Brown did not raise this issue of the prejudice of Sampson at any point in appellate proceedings prior to the filing of his PCRA motion in December 2003.
In sum, Brown's claim of newly-discovered evidence and resulting alleged "cause and prejudice" or "fundamental miscarriage of justice" does not excuse his procedural default. Consequently, Brown is precluded from pursuing federal habeas corpus relief with regard to this issue.
IV. Conclusion
Based on the foregoing determination that Brown's claim is procedurally defaulted, the petition for writ of habeas corpus will be denied.
An appropriate order will issue.
ORDER
AND NOW, this 30th day of March, 2007, upon consideration of the petition for writ of habeas corpus (Doc. 1), and for the reasons set forth in the accompanying memorandum, it is hereby ORDERED that:
1. The petition for writ of habeas corpus (Doc. 1) is DENIED.
2. The Clerk of Court is directed to CLOSE this case.

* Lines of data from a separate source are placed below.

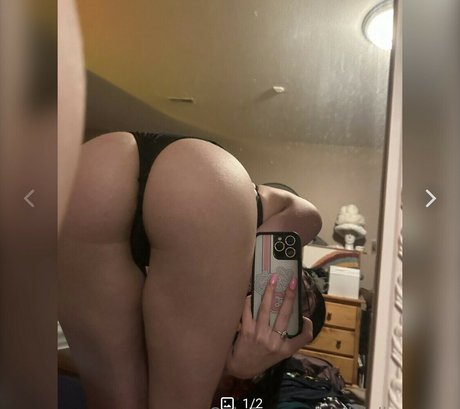 Madelinolivia star sexy photo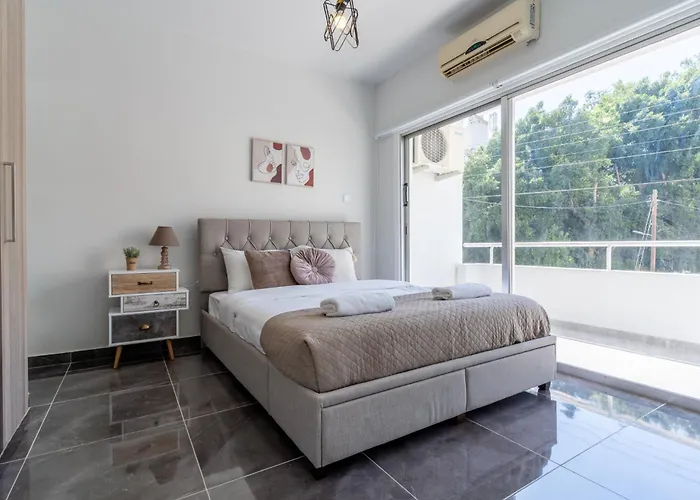 Powder's 1-bedroom Retreat In Mackenzy, Apartamento Lárnaca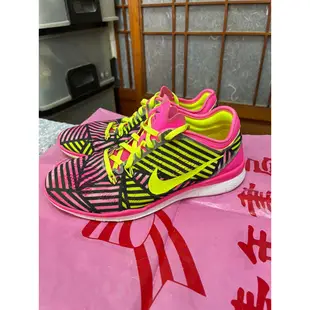 「 二手鞋 」 Nike Free Tr Fit 5 女版運動休閒鞋 US8（粉）鐵4-3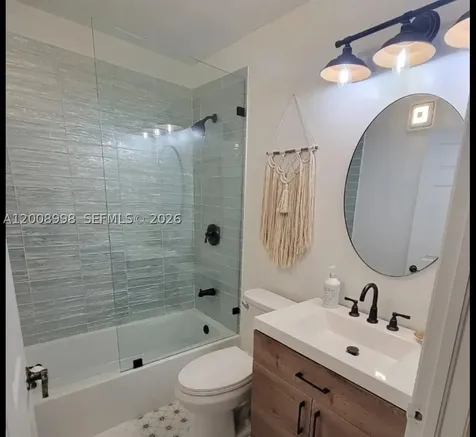 16504 SW 71st Terrace Miami FL 33193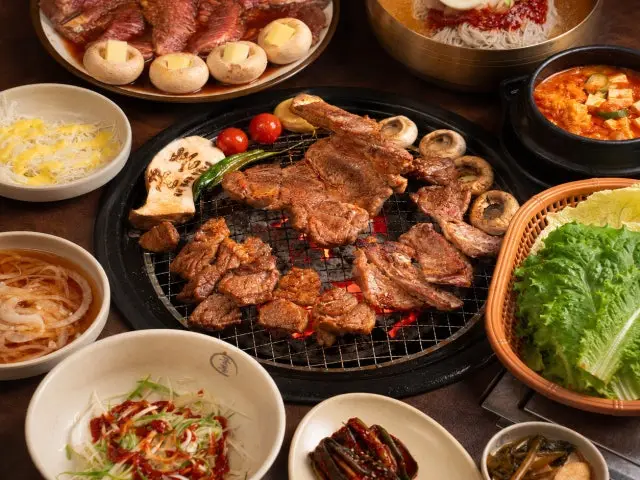 Kkundon Sutbulgalbi Yeongtongyeok Branch Galbi (Korean Short Ribs) 2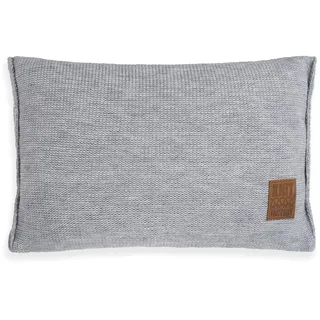 KNIT FACTORY - Uni Kissen - Grau - 60x40 cm | Sofakissen mit Füllung und Bezug - Couchkissen - Zierkissen - Gestrickter Dekokissen - Zeitloses Design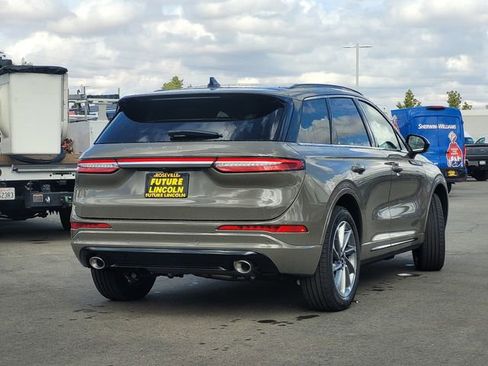 New 2025 Lincoln Corsair Grand Touring image 4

3. There is no basis for the issuance of a certificate of appealability. See 28 U.S.C. § 2253(c).Trial court: I want you to understand . . ., as I told you last week that I can't give you any special consideration because you're not a lawyer and that you're representing yourself. I will have to conduct this trial as I would if there was a lawyer representing you. * * * I have to rule on [objections or motions] just as if you were a lawyer . . . and understand all the rules and procedures that a lawyer would. Do you understand that? Brown: Yes, sir. (Id.)